Designers are "playing with food … to solve problems of scarcity, obesity and waste," reports Julie Lasky in The New York Times (2/27/14). Among them is Susana Soares, who grinds grasshoppers "into a powder that is mixed with cream cheese or butter or flavorings." Recognizing that this doesn’t sound all that appealing, she "uses a 3-D printer to turn the paste into decorative squiggles or attractive filigreed blobs" that, as she says, "look like jewelry." The insects, she notes, are "an efficient way of getting protein."
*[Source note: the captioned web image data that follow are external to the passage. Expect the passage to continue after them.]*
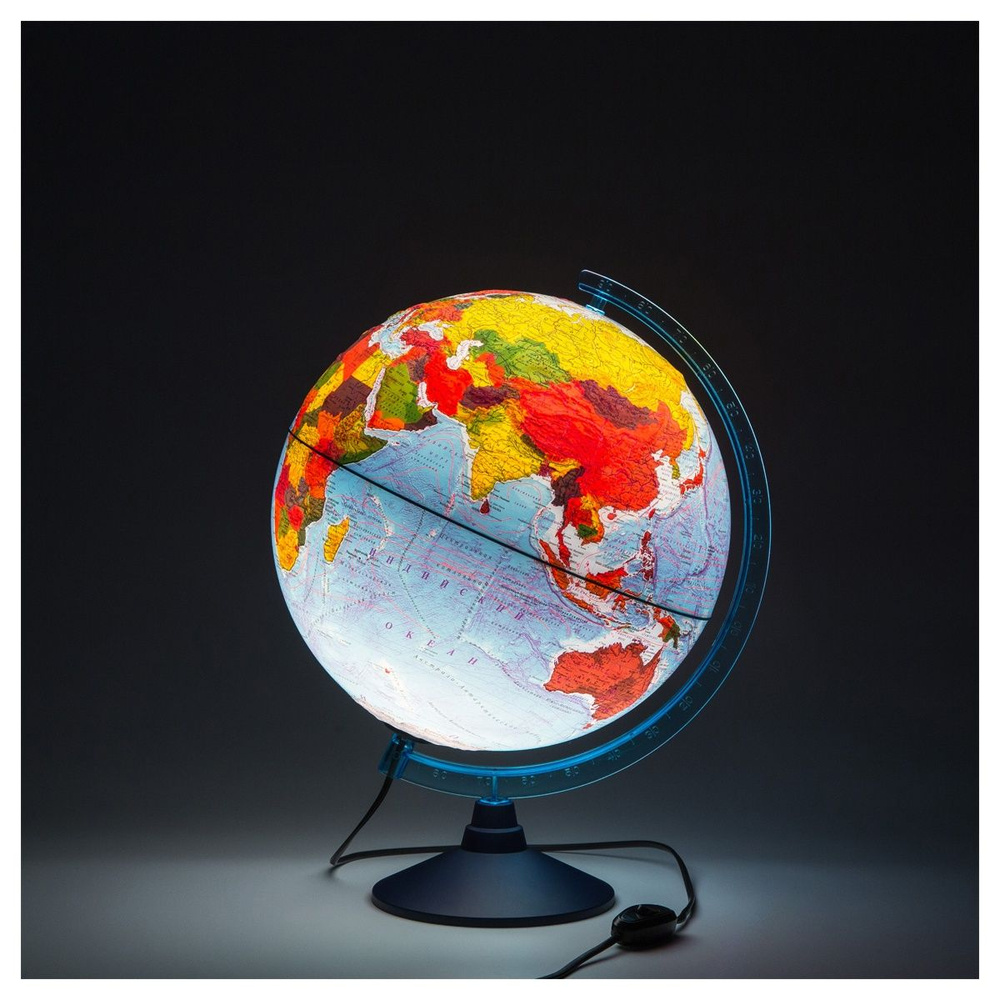 Глобус Globen физико-политический, рельефный, 32 см, с подсветкой, на круглой подставке (Ке013200233) #1
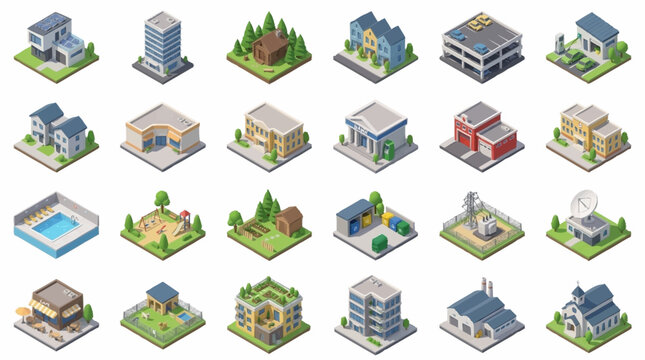 Colorful isometric vector illustrations of various buildings and structures.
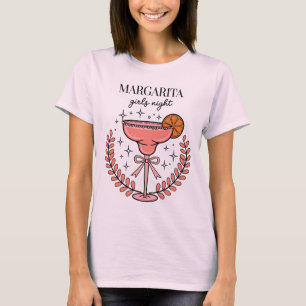 T-shirt Margarita Soirée entre Filles Rose Amusant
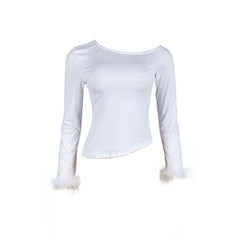 Light As A Feather Long Sleeve One Shoulder Top
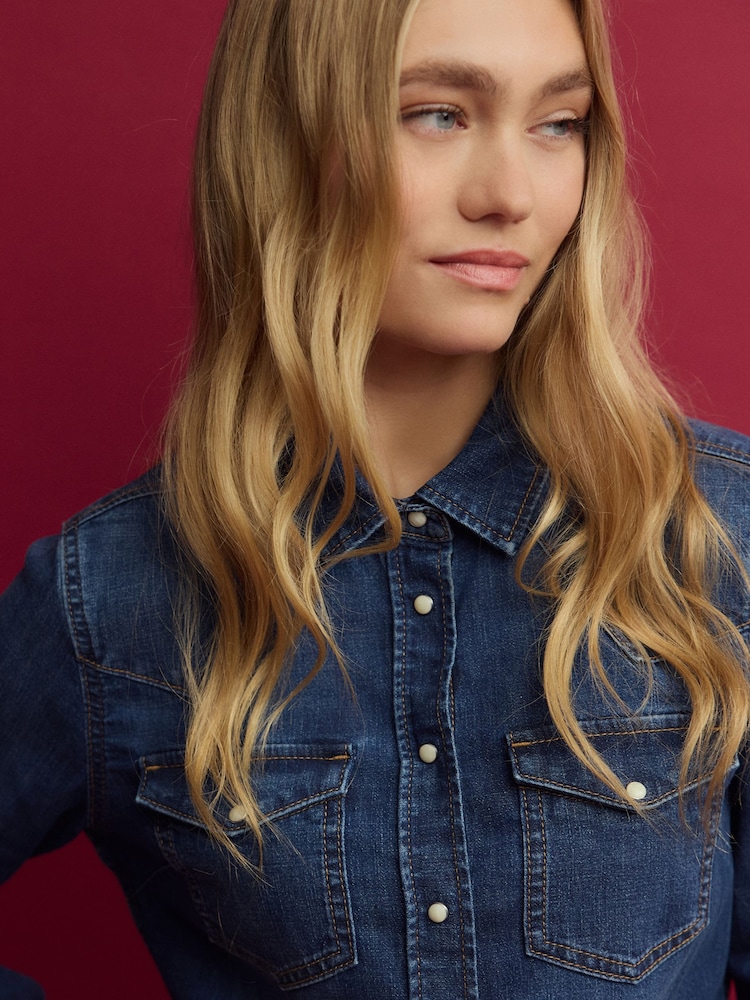 bleu foncé - Chemise occidentale ajustée avec coutures Denim - Image 4 of 9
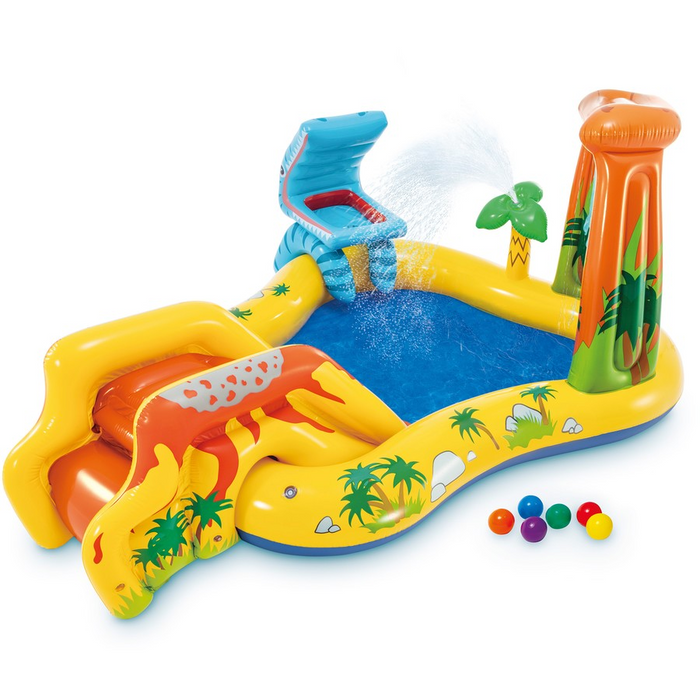 INTEX Dinosaur Inflatable Pool Slide Water Fun Play Centre 2.49m x 1.91m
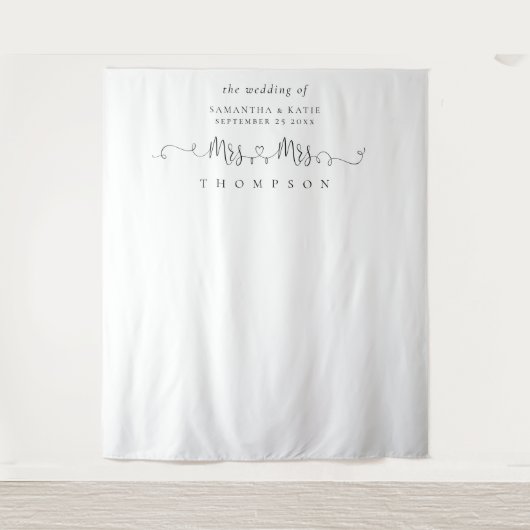 Mevrouw Mevr Naam Ringen Lesbisch Huwelijksfoto Ac Wandkleed (Voorkant)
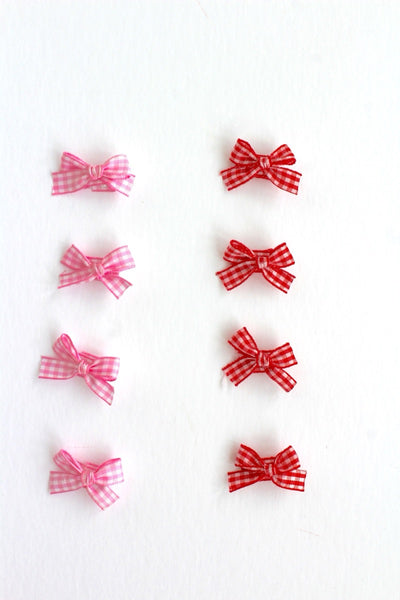 mini gingham bows (set of 4)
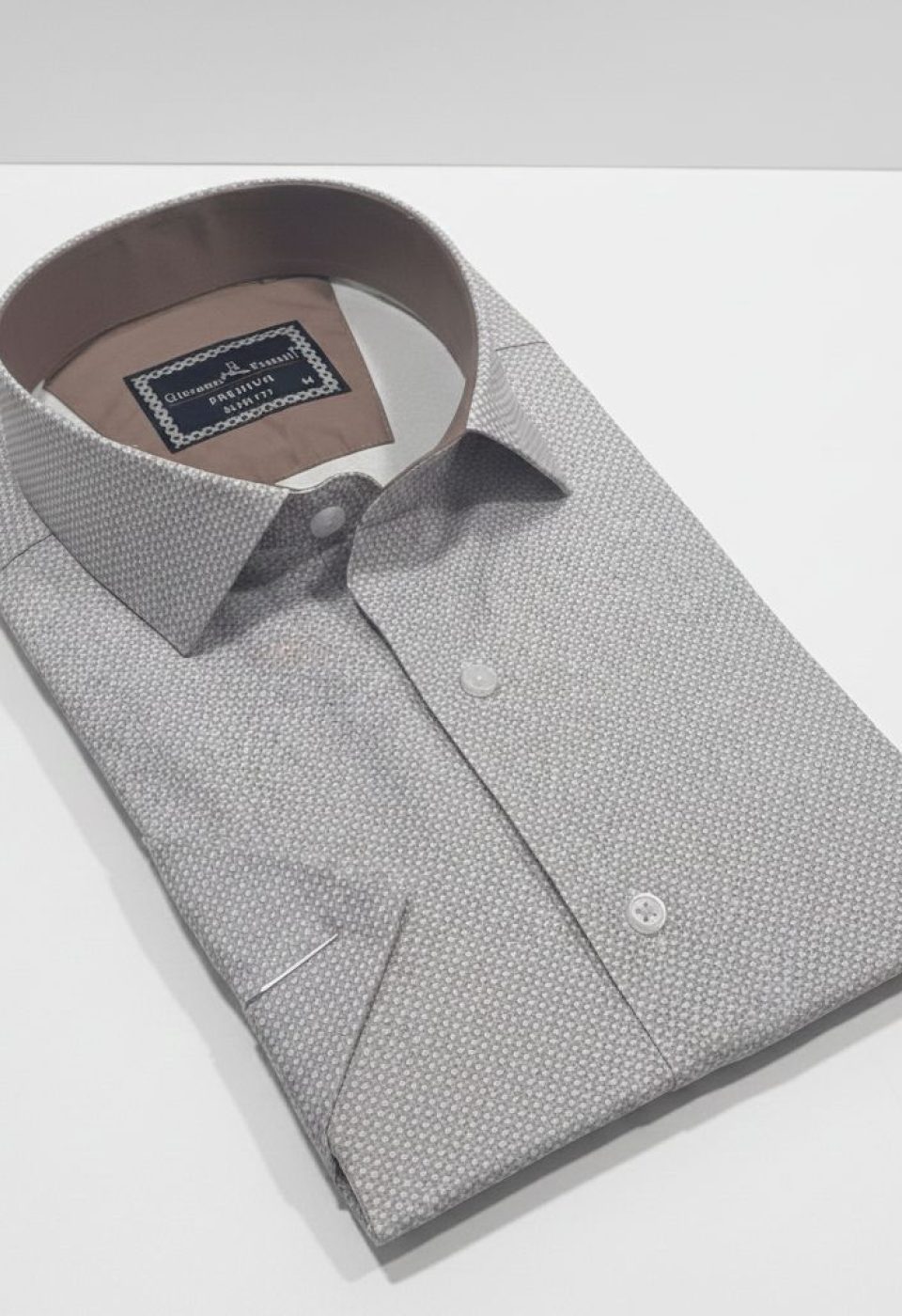 Slim Fit Kısa Kol Desenli Saten Erkek Gömlek 3GMK312788003
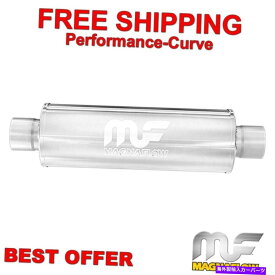 マフラー 2.25 "C/C 4"ラウンド22 "ボディマグナフローマフラーSS 10435 2.25" C/C 4" Round 22" Body MagnaFlow Muffler SS 10435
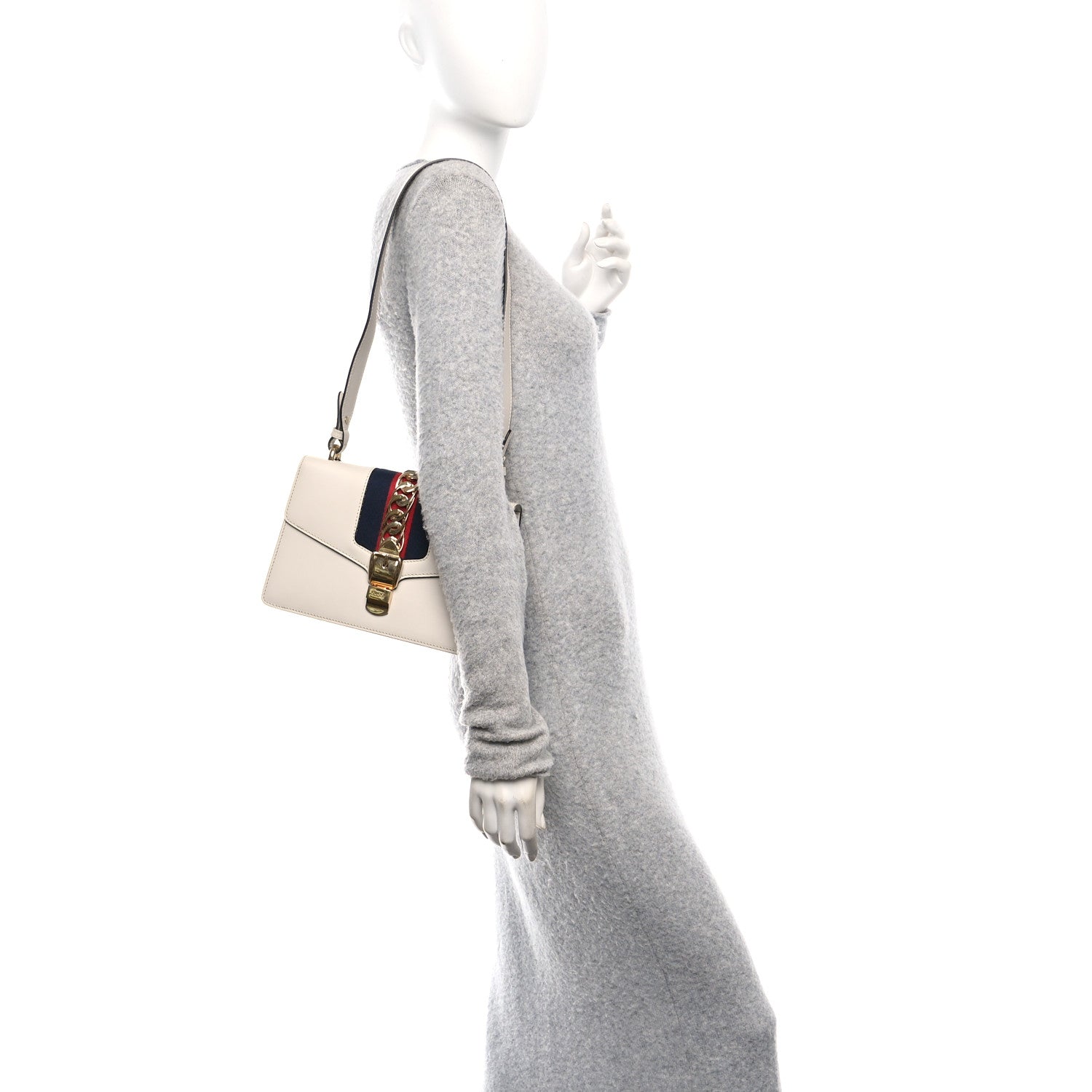 Calfskin Small Sylvie Shoulder Bag Off White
Mansour Ourasanah, an industrial designer, is also big on grasshoppers. "You can farm them at home," he says. "which you can’t do with cattle." At the Sugar Lab, meanwhile, 3-D printers are used to decorate wedding cakes, and other confections. Because the printers can "handle a range of materials … a copy of the topper can be produced in ceramic if a couple wants a souvenir of their wedding." "Cross-culturally, people are inclined to invest in customizing and embellishing a desert," says Liz Von Hasseln of Sugar Labs.
David Edwards, "an American scientist and inventor," and founder of Le Laboratoire, is known for "having introduced a chocolate product called Le Whif, which you enjoy guiltlessly by inhaling," and Le Whaf, "a carafe that vaporizes liquid, creating a cloud of tiny droplets that is poured into a glass and swallowed." "So much of great culinary experience is sensorial in a way that goes beyond caloric content," says David, who is also known for the WikiPearl, which packages "ice cream wrapped in edible skins."